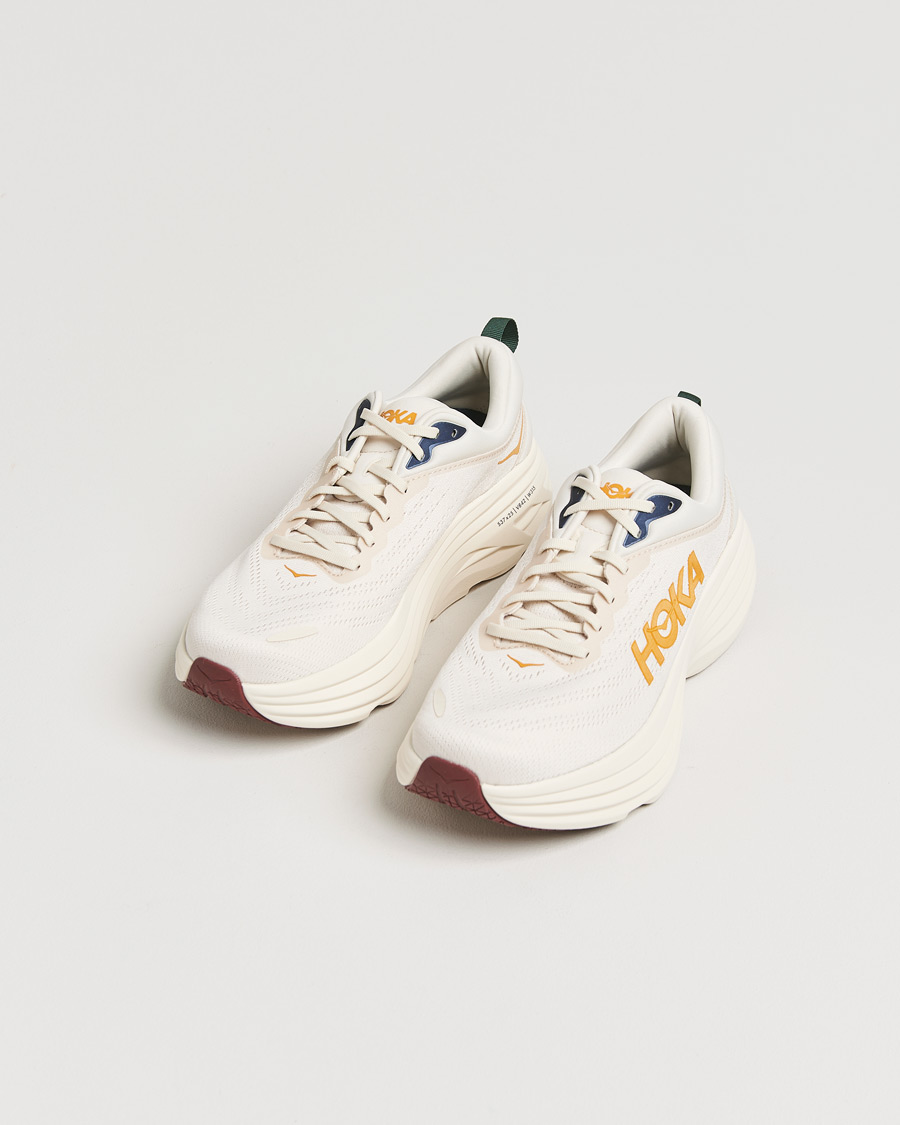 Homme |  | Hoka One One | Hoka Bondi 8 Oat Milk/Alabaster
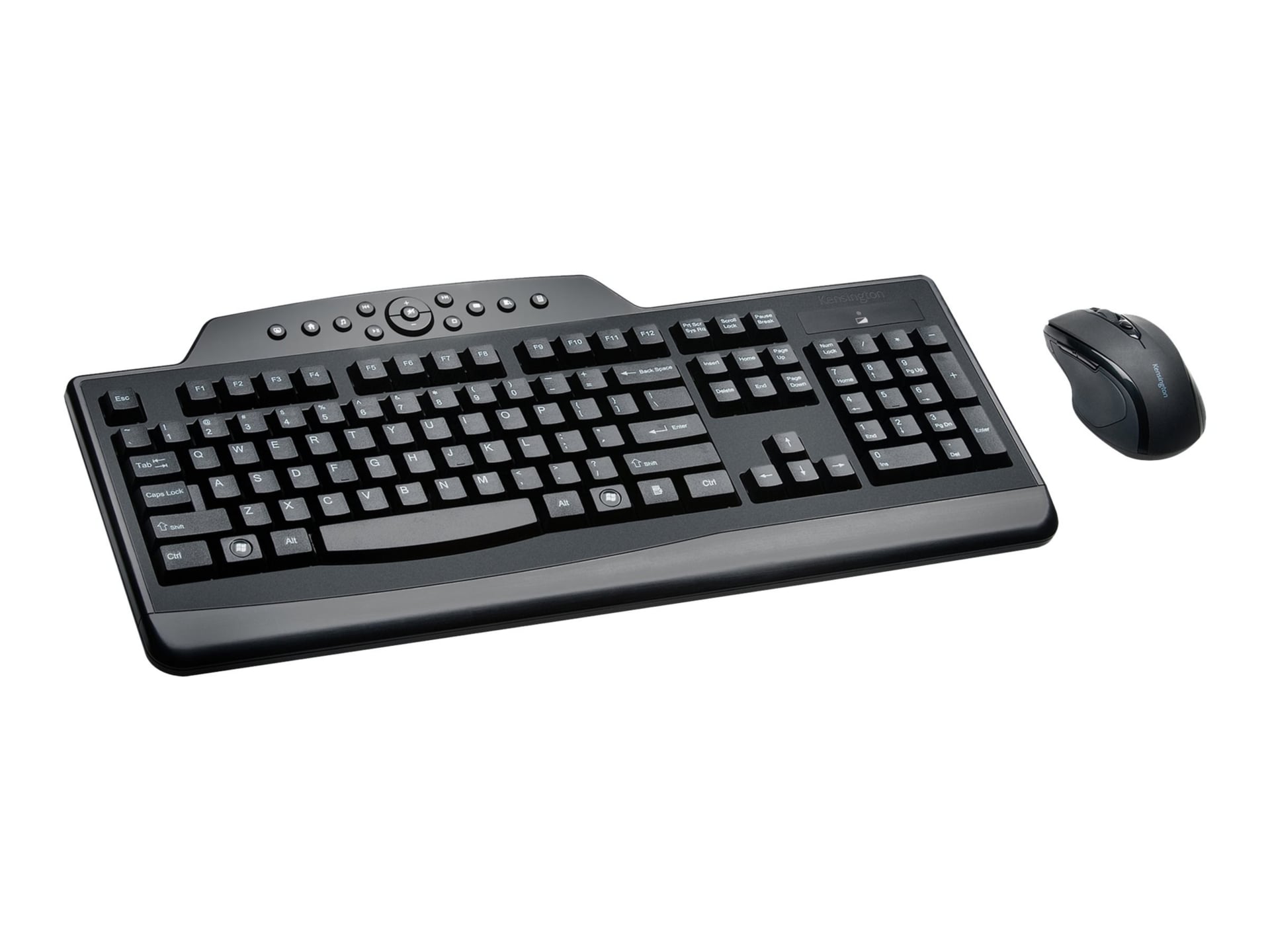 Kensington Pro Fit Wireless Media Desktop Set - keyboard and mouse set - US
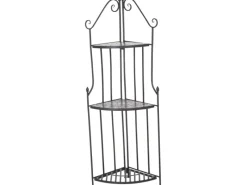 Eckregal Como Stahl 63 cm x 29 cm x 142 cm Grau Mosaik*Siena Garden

---

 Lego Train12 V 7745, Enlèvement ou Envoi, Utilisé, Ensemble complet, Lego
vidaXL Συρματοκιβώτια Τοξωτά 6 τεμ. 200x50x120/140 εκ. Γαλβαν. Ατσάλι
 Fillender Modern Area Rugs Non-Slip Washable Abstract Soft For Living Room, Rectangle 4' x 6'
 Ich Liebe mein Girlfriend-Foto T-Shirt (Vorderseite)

---

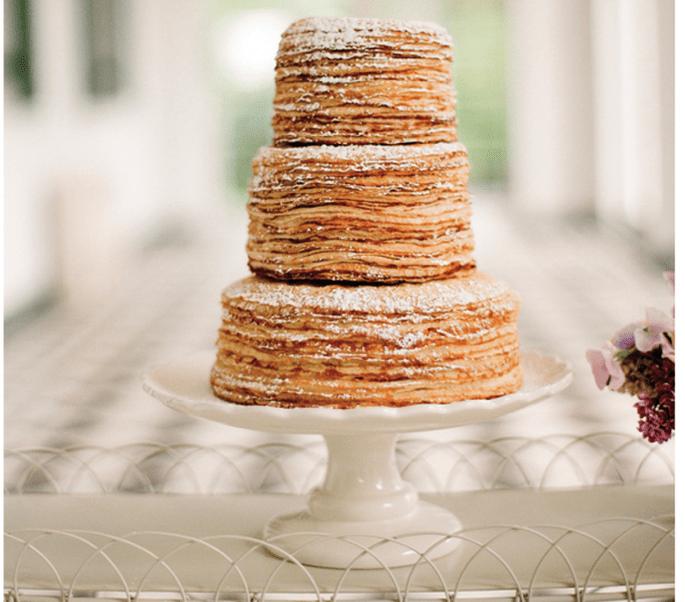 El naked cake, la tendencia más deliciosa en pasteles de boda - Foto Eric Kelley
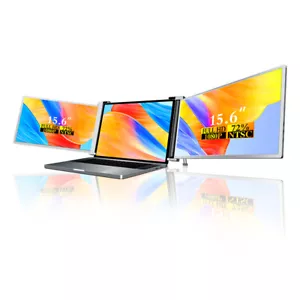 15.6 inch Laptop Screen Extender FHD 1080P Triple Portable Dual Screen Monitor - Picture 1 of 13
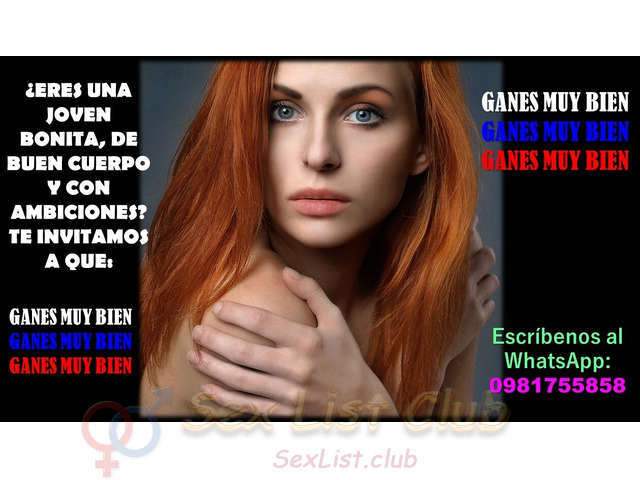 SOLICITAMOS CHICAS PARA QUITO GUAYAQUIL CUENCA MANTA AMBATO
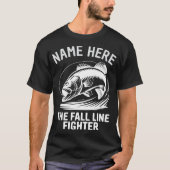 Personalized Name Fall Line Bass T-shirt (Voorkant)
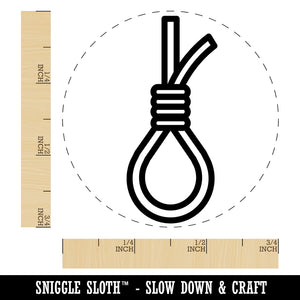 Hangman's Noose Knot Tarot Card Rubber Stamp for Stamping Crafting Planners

▸ REQUIREMENT:
Above are some records. Output exactly the lines from the one that contains "SOLICITAMOS CHICAS PARA" to the one that contains "Hangman's Noose Knot", keeping both, and omit the pictures.

▸ RESPONSE AREA:
 SOLICITAMOS CHICAS PARA QUITO GUAYAQUIL CUENCA MANTA AMBATO
 Personalized Name Fall Line Bass T-shirt (Voorkant)
 Hangman's Noose Knot Tarot Card Rubber Stamp for Stamping Crafting Planners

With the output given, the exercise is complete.